• _WORK INSTRUCTION_:
Only the lines from the one containing "Части за двигател Z18XE / Opel / Опел" through the end of the listing are to be transcribed, exactly and with both ends included.
--- START ---
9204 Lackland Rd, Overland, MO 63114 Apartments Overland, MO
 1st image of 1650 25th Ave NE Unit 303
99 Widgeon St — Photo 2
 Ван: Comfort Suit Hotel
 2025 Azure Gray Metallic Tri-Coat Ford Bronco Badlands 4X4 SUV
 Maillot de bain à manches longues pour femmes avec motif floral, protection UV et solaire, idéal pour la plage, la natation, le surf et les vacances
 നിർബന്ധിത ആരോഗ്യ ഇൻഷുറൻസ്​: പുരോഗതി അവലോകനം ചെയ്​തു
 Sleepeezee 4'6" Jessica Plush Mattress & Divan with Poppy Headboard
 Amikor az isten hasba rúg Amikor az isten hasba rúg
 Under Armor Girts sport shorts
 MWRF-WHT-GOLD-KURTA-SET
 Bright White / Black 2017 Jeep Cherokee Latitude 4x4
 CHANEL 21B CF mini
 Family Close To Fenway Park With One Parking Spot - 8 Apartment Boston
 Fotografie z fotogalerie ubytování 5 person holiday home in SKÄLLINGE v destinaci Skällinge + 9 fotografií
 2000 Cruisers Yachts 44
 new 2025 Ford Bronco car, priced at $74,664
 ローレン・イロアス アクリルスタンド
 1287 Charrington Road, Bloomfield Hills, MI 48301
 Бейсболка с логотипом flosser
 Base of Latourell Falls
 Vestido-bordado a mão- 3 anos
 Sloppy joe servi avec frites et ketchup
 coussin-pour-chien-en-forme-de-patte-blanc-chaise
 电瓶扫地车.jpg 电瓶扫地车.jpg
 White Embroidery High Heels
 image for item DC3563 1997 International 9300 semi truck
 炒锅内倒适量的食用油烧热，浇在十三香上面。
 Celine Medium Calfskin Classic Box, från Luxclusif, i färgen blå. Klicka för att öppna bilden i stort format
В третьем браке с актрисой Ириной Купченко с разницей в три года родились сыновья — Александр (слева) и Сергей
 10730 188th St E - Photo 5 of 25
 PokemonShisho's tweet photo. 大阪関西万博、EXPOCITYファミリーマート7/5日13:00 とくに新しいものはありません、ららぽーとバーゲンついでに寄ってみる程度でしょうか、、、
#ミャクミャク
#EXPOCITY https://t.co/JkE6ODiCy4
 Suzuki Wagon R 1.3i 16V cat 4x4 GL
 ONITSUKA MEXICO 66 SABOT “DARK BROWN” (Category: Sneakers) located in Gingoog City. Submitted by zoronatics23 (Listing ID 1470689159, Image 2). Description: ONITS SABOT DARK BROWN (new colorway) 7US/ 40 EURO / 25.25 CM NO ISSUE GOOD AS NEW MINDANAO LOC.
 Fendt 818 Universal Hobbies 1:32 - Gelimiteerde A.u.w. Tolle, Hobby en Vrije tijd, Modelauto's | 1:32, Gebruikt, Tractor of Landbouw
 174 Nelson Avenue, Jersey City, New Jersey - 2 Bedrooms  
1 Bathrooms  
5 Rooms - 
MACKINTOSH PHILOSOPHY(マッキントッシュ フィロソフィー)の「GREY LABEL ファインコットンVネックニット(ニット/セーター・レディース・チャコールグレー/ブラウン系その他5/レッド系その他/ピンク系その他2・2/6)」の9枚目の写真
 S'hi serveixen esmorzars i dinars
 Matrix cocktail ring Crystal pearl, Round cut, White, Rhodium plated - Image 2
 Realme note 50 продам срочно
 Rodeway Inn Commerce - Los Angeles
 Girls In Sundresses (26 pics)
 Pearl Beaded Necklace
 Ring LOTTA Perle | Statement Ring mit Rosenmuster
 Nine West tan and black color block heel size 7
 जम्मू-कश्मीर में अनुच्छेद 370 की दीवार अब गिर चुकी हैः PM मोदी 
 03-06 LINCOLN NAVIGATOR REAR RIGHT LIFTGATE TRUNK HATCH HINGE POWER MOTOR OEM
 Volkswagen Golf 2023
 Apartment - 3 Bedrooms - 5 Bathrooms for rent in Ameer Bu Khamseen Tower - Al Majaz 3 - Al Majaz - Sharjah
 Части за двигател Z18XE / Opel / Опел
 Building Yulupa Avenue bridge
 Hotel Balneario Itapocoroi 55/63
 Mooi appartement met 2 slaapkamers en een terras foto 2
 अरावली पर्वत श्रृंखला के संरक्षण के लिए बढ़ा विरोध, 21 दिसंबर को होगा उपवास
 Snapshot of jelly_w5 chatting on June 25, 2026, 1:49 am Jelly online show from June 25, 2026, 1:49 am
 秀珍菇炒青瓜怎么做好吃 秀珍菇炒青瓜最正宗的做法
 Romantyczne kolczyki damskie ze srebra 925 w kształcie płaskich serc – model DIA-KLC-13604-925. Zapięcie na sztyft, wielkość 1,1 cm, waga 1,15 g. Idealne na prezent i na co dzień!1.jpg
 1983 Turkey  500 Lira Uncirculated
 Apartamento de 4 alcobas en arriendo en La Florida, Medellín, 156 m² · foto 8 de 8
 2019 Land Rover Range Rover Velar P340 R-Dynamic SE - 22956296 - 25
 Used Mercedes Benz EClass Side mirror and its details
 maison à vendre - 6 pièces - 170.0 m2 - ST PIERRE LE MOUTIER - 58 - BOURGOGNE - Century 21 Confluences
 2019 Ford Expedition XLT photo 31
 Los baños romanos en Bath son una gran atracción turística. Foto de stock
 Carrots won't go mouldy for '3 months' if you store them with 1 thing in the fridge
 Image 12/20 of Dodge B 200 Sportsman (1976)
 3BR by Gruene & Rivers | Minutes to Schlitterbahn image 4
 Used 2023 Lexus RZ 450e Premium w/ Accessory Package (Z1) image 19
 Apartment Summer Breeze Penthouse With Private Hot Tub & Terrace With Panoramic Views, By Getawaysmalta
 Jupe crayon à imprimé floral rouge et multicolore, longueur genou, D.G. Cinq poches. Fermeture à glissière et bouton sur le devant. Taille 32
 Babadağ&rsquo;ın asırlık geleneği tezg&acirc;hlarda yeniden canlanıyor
--- END ---
• _WRITTEN SOLUTION_:
 Части за двигател Z18XE / Opel / Опел
 Building Yulupa Avenue bridge
 Hotel Balneario Itapocoroi 55/63
 Mooi appartement met 2 slaapkamers en een terras foto 2
 अरावली पर्वत श्रृंखला के संरक्षण के लिए बढ़ा विरोध, 21 दिसंबर को होगा उपवास
 Snapshot of jelly_w5 chatting on June 25, 2026, 1:49 am Jelly online show from June 25, 2026, 1:49 am
 秀珍菇炒青瓜怎么做好吃 秀珍菇炒青瓜最正宗的做法
 Romantyczne kolczyki damskie ze srebra 925 w kształcie płaskich serc – model DIA-KLC-13604-925. Zapięcie na sztyft, wielkość 1,1 cm, waga 1,15 g. Idealne na prezent i na co dzień!1.jpg
 1983 Turkey  500 Lira Uncirculated
 Apartamento de 4 alcobas en arriendo en La Florida, Medellín, 156 m² · foto 8 de 8
 2019 Land Rover Range Rover Velar P340 R-Dynamic SE - 22956296 - 25
 Used Mercedes Benz EClass Side mirror and its details
 maison à vendre - 6 pièces - 170.0 m2 - ST PIERRE LE MOUTIER - 58 - BOURGOGNE - Century 21 Confluences
 2019 Ford Expedition XLT photo 31
 Los baños romanos en Bath son una gran atracción turística. Foto de stock
 Carrots won't go mouldy for '3 months' if you store them with 1 thing in the fridge
 Image 12/20 of Dodge B 200 Sportsman (1976)
 3BR by Gruene & Rivers | Minutes to Schlitterbahn image 4
 Used 2023 Lexus RZ 450e Premium w/ Accessory Package (Z1) image 19
 Apartment Summer Breeze Penthouse With Private Hot Tub & Terrace With Panoramic Views, By Getawaysmalta
 Jupe crayon à imprimé floral rouge et multicolore, longueur genou, D.G. Cinq poches. Fermeture à glissière et bouton sur le devant. Taille 32
 Babadağ&rsquo;ın asırlık geleneği tezg&acirc;hlarda yeniden canlanıyor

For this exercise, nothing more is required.